HOW TO COMPLETE THIS TASK:
Reproduce exactly the run of lines that begins with the one containing "Black Unisex Premium" and ends with the last line of the records, omitting pictures.

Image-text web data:
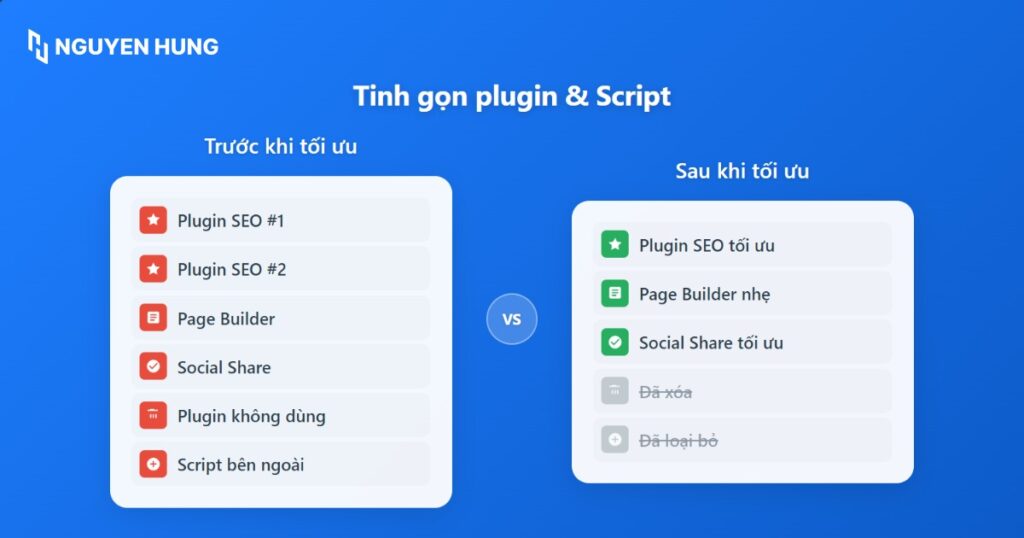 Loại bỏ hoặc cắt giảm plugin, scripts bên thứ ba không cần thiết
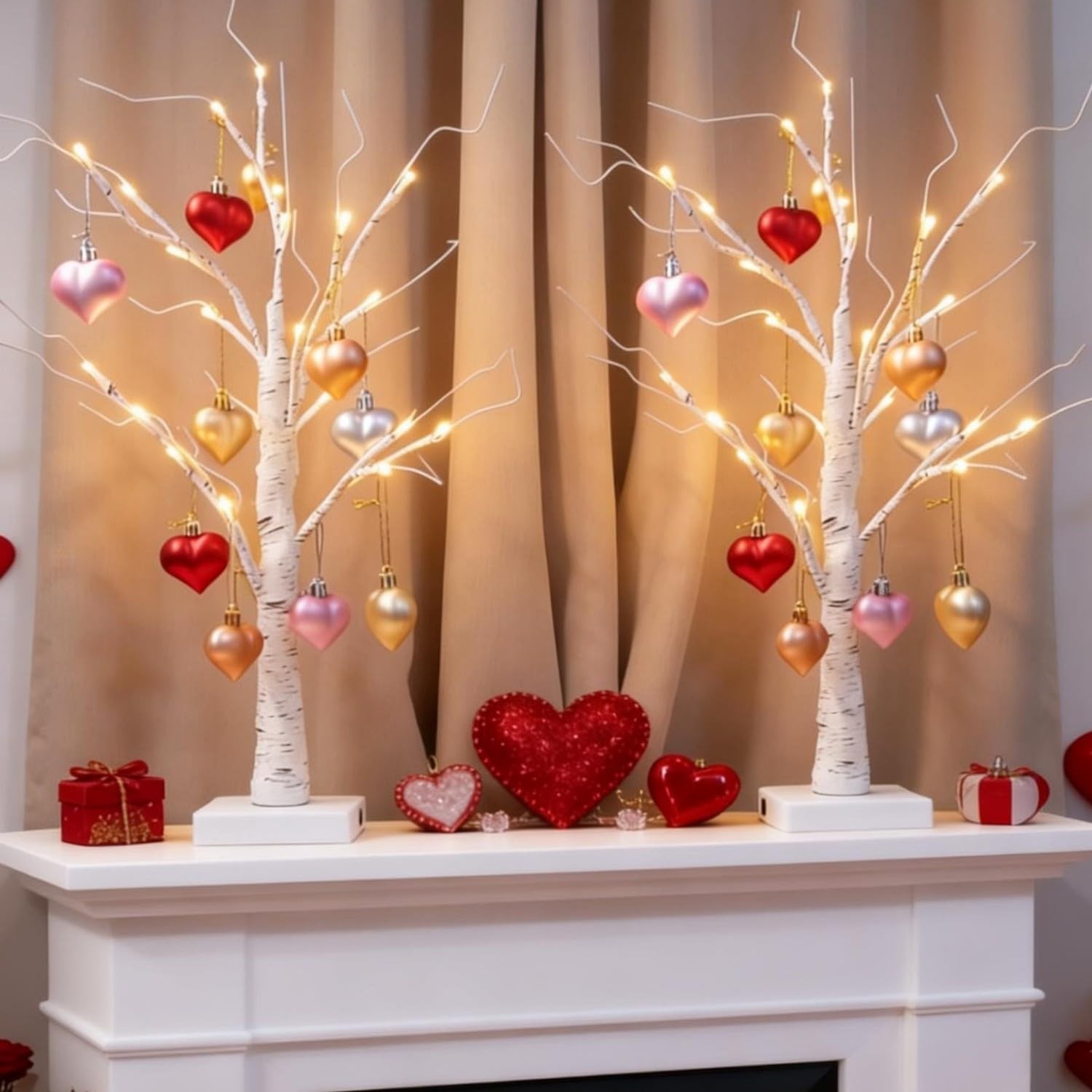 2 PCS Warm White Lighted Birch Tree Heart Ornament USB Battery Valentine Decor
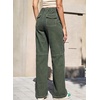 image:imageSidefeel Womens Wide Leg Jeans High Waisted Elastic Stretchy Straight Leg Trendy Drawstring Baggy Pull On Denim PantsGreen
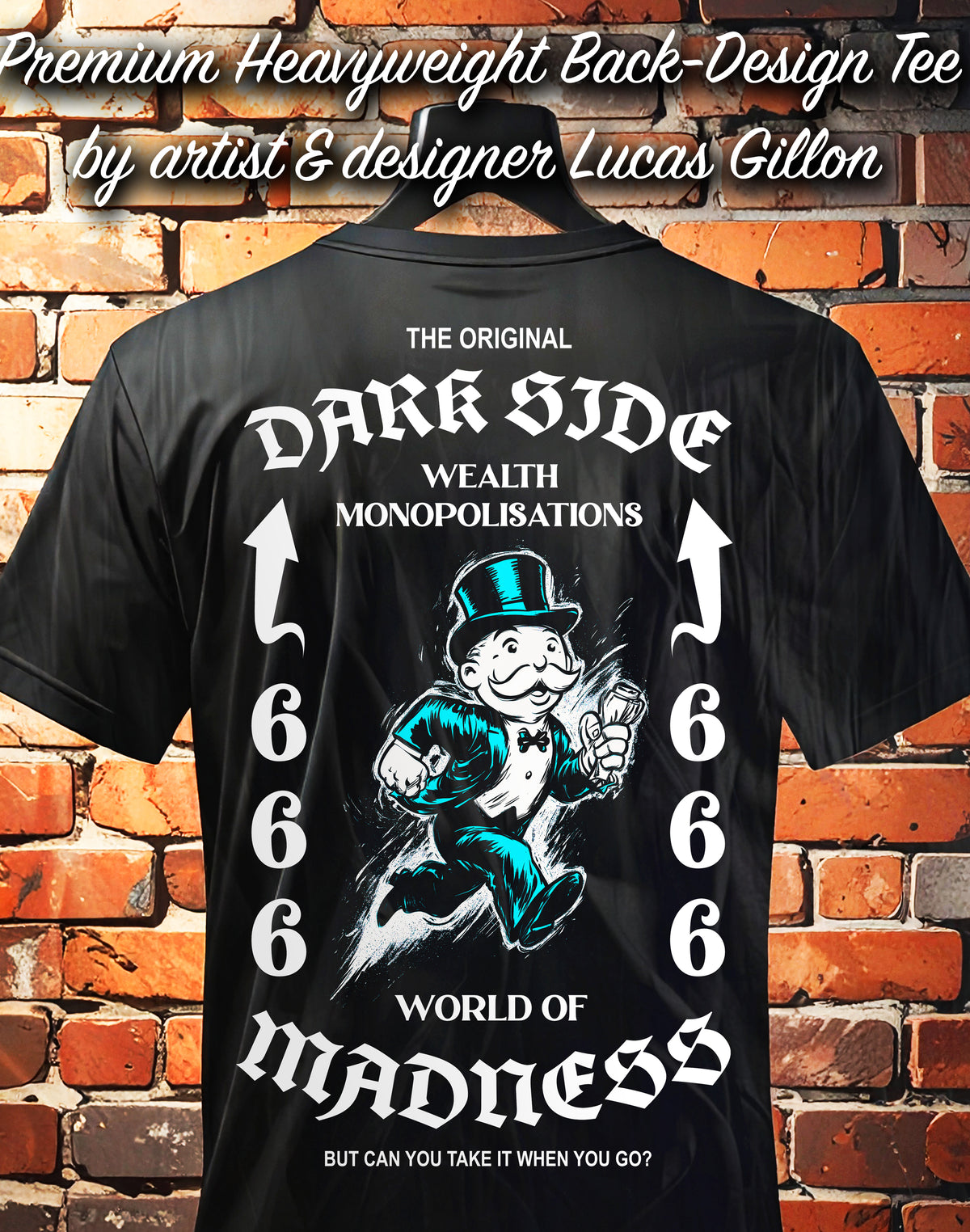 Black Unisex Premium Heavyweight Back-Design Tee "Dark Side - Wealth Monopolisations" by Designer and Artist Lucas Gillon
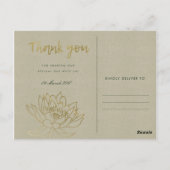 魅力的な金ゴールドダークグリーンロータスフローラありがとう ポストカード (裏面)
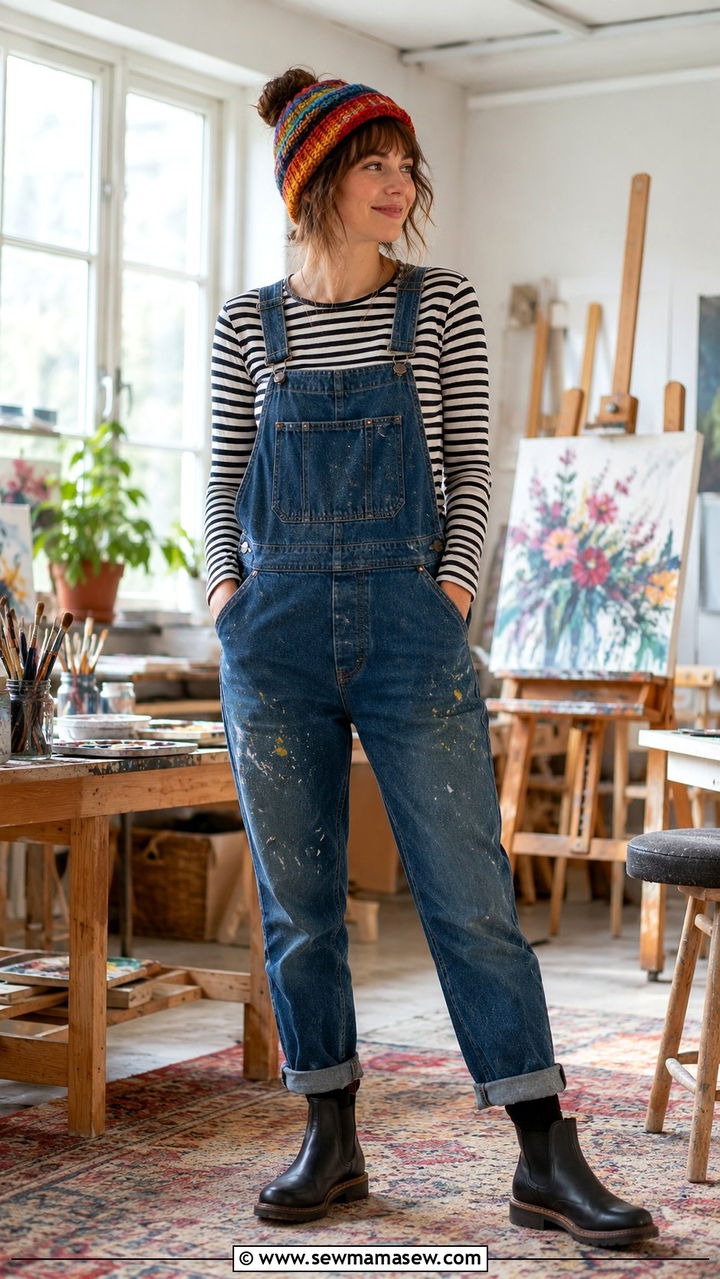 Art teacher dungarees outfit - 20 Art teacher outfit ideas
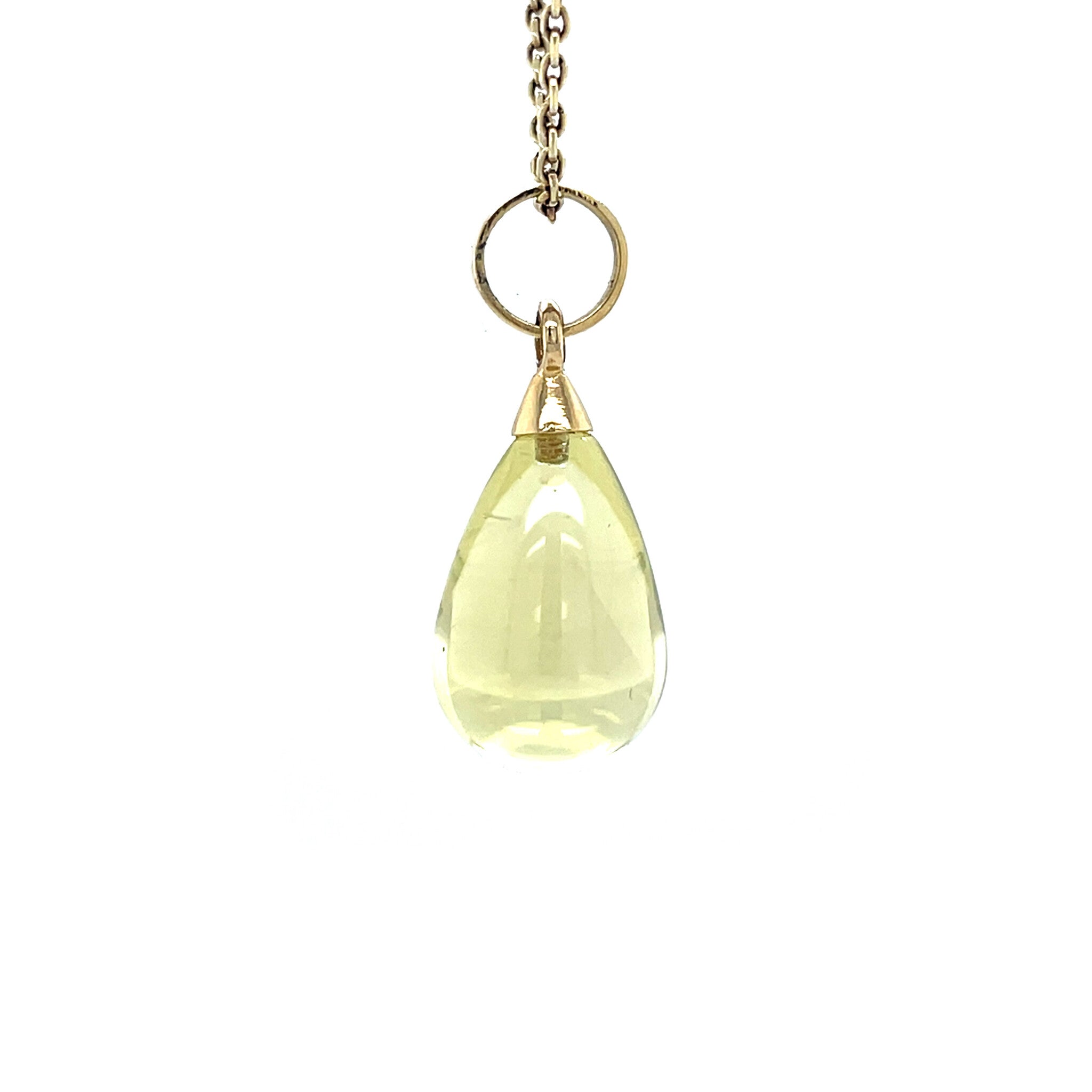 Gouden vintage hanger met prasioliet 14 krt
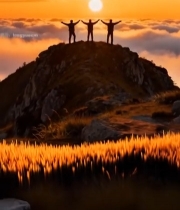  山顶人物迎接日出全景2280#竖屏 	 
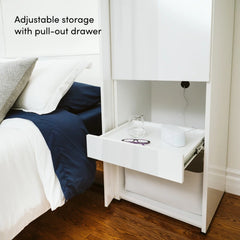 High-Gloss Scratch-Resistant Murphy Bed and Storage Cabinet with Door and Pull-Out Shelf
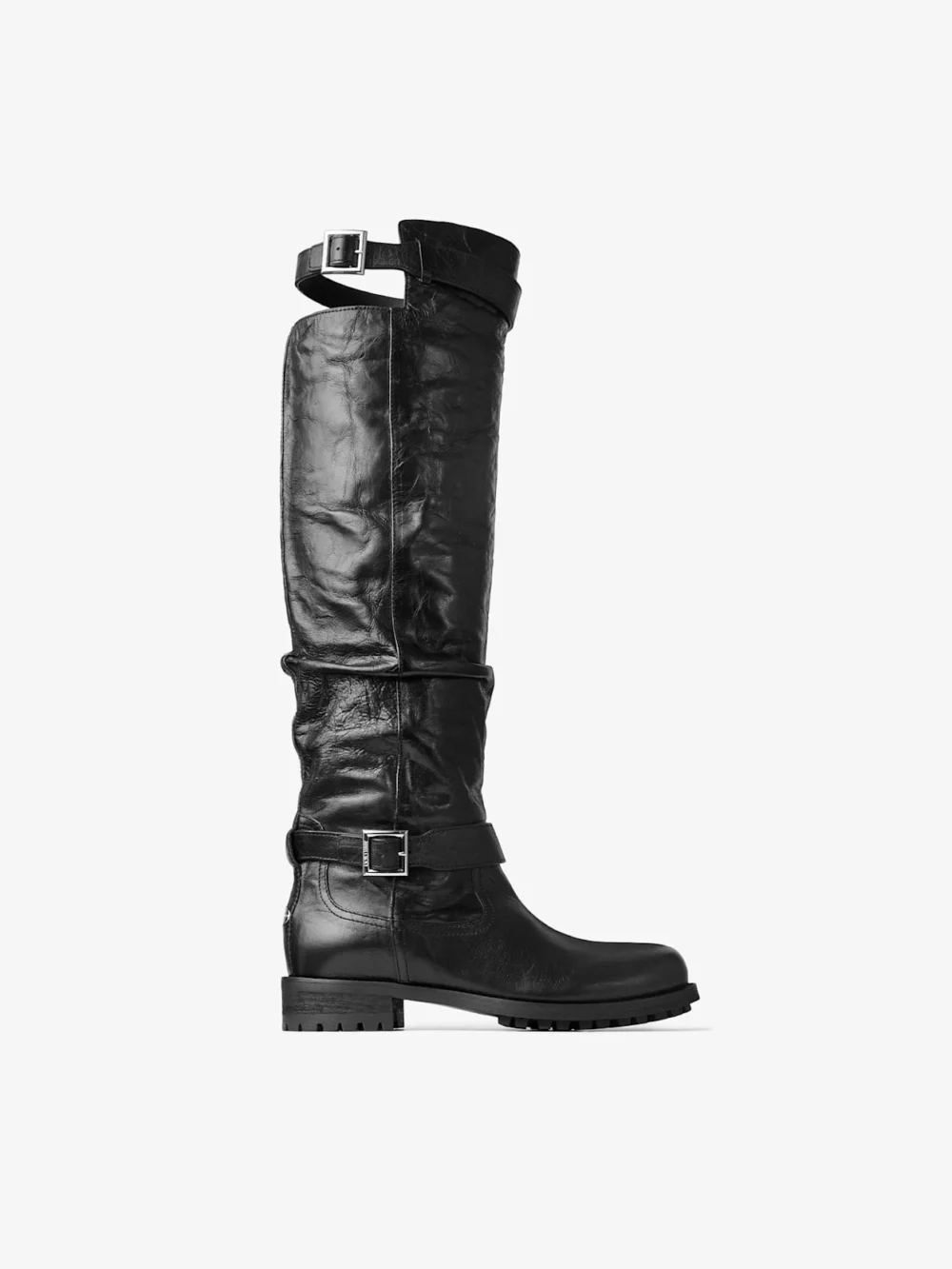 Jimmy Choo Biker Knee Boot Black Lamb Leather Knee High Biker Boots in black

ANSWER TO THE PROBLEM:
 Black Unisex Premium Heavyweight Back-Design Tee "Dark Side - Wealth Monopolisations" by Designer and Artist Lucas Gillon
 魅力的な金ゴールドダークグリーンロータスフローラありがとう ポストカード (裏面)
 Art teacher dungarees outfit - 20 Art teacher outfit ideas
 Gouden vintage hanger met prasioliet 14 krt
  山顶人物迎接日出全景2280#竖屏 	 
 High-Gloss Scratch-Resistant Murphy Bed and Storage Cabinet with Door and Pull-Out Shelf
 Jimmy Choo Biker Knee Boot Black Lamb Leather Knee High Biker Boots in black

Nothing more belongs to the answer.